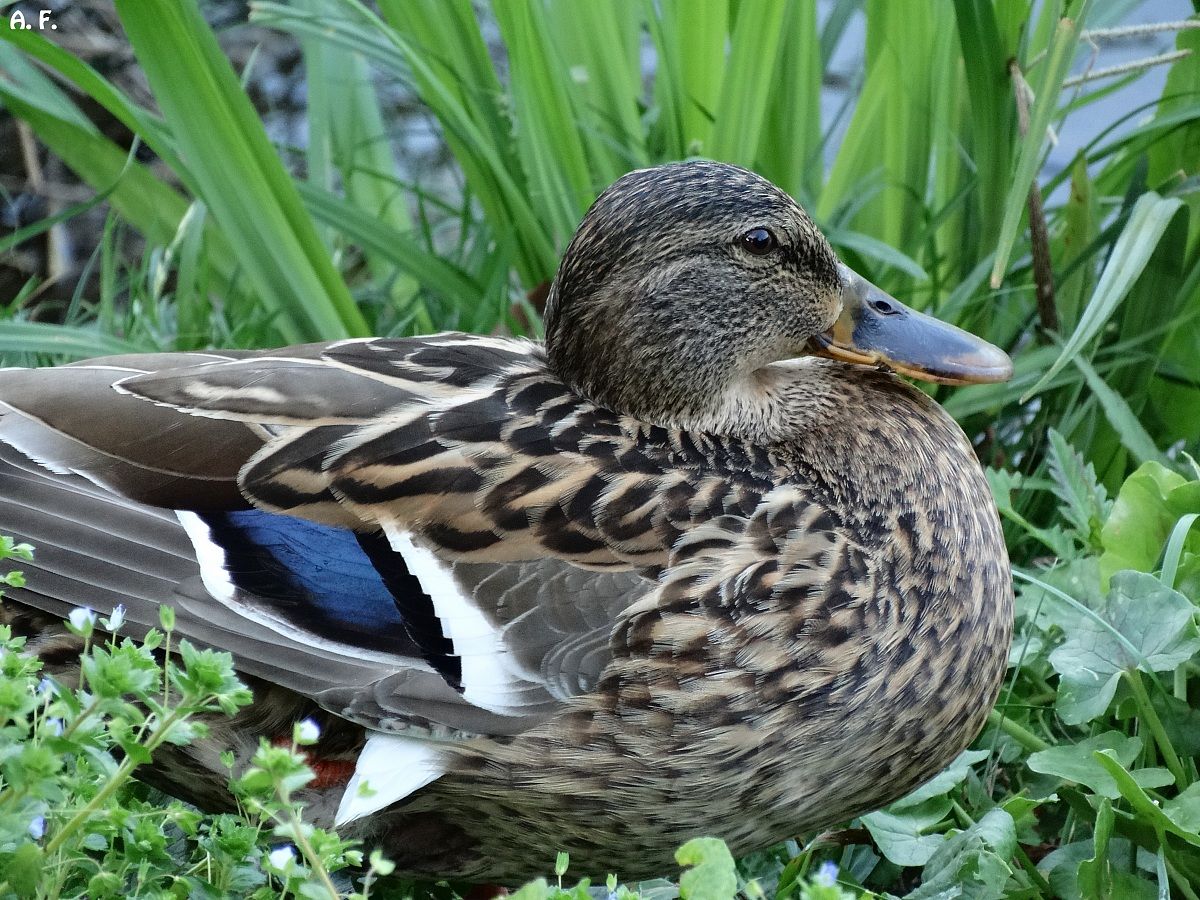 Female mallard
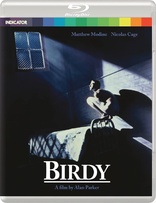 Birdy (Blu-ray Movie)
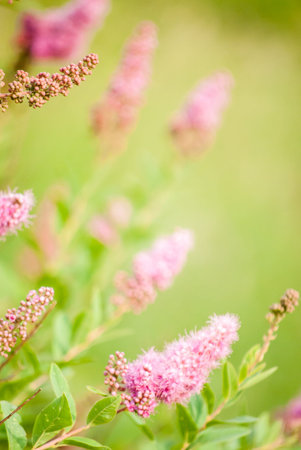 Beautiful purple flowers of Summer lilac (Buddleja davidii) in garden at sunsetの写真素材
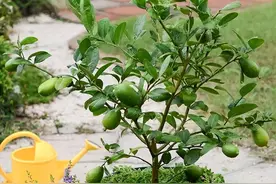 阳台露台都可以养的“3种”果子，好吃好养、不占地方、颜值也高图片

····················

§ **How to complete this task**
Your copy of the listing should match it exactly, apart from the pictures, which are left out.

§ **Answer to this task**
 Female mallard
 Birdy (Blu-ray Movie)
 Beautiful purple flowers of Summer lilac (Buddleja davidii) in garden at sunsetの写真素材
 阳台露台都可以养的“3种”果子，好吃好养、不占地方、颜值也高图片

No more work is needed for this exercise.